The Welfare Effects of Social Recognition: Theory and Evidence from a Field Experiment with the YMCA


  • Series
  • Speaker(s)
    Luigi Butera (University of Copenhagen, Denmark)
  • Field
    Organizations and Markets
  • Location
    Erasmus University Rotterdam, Polak Building, Room 3-06.
    Rotterdam
  • Date and time

    March 07, 2019
    12:00 - 13:00

A growing body of empirical work shows that social recognition, i.e. the public revelation of individual behavior, can significantly influence individuals' choices. This paper investigates whether social recognition is a socially efficient way to influence individuals' choices. Social recognition is a positional good: not everyone can be at the top, and reductions in privacy can generate both winners and losers. The relative magnitude of such gains and losses determines the overall welfare effect of social recognition nudges. Theoretically, we show that whether social recognition is more efficient than financial incentives depends on whether the shape of the social recognition utility function makes reductions in privacy a positive-sum, negative-sum, or zero-sum game. To quantify the theoretical findings, we report results from a novel field experiment on promoting attendance to the YMCA. We quantify the impact that social recognition has on attendance, as well as elicit people's willingness to pay for social recognition in different future states of the world. We find that social recognition increases YMCA attendance by 23% over a one-month period.

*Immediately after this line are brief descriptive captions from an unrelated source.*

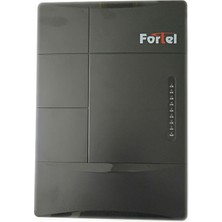 Fortel P832 8 Harici 24 Dahili Telefon Santrali Uzaktan Programlama Özelliği ile Gelişmiş Kapasite
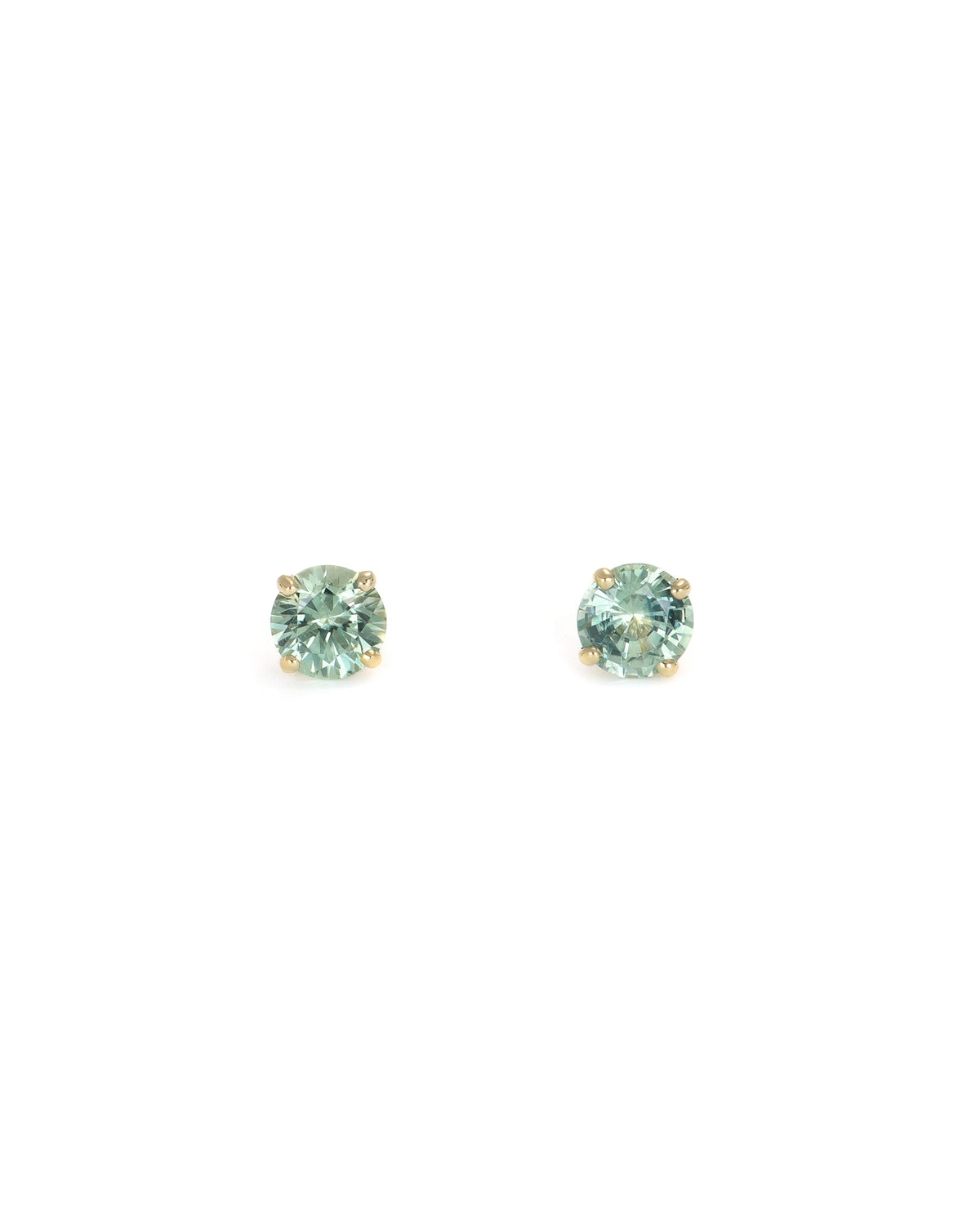 Montana Sapphire Stud Earrings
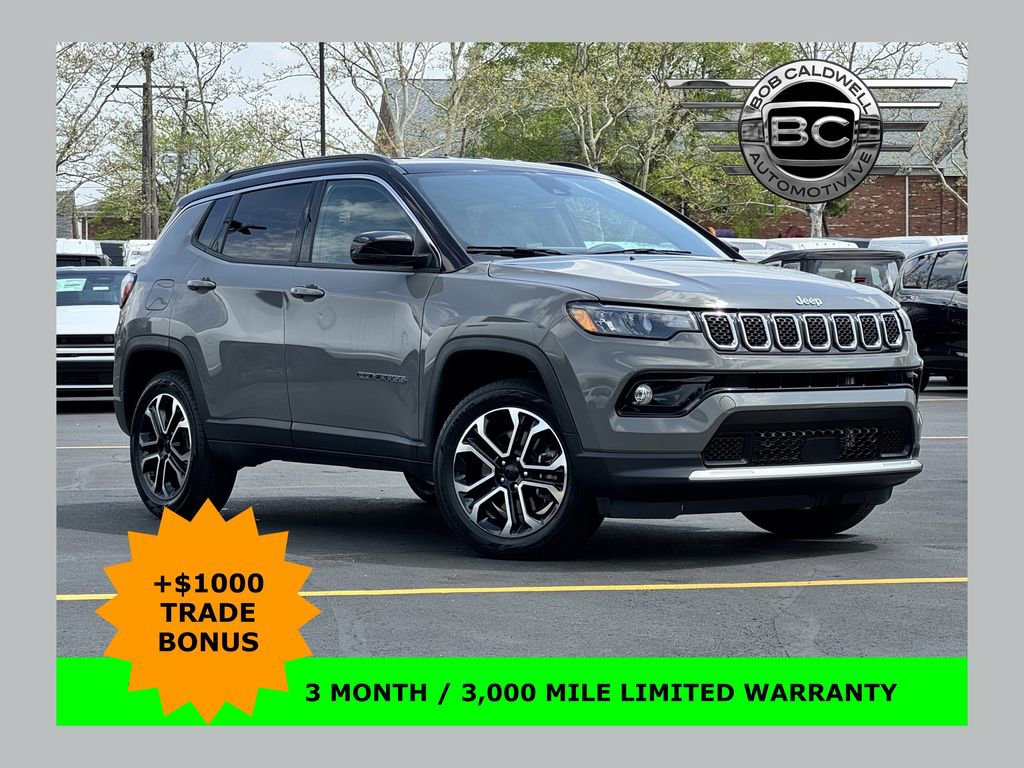 Used 2023 Jeep Compass Limited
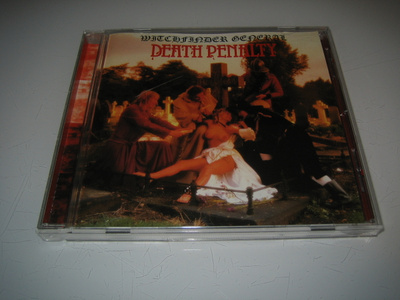 Witchfinder General - Death Penalty (CD)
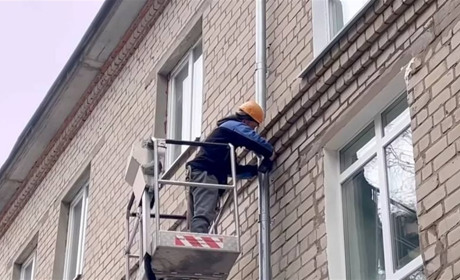 У Жовтих Водах оновили центр для переселенців: новий дах, меблі та інклюзивні умови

We then estimate people's willingness to pay to be recognized at varying levels of attendance, and find that social recognition is a moderately positive-sum game. Unlike previous attempts at evaluating “nudges”, we are able to generate our welfare estimates using non-parametric methods that do not rely on the assumption that individuals hold rational expectations about their future behavior. Our theoretical and empirical framework provides a general template for robustly evaluating the welfare effects of non-financial policy levers.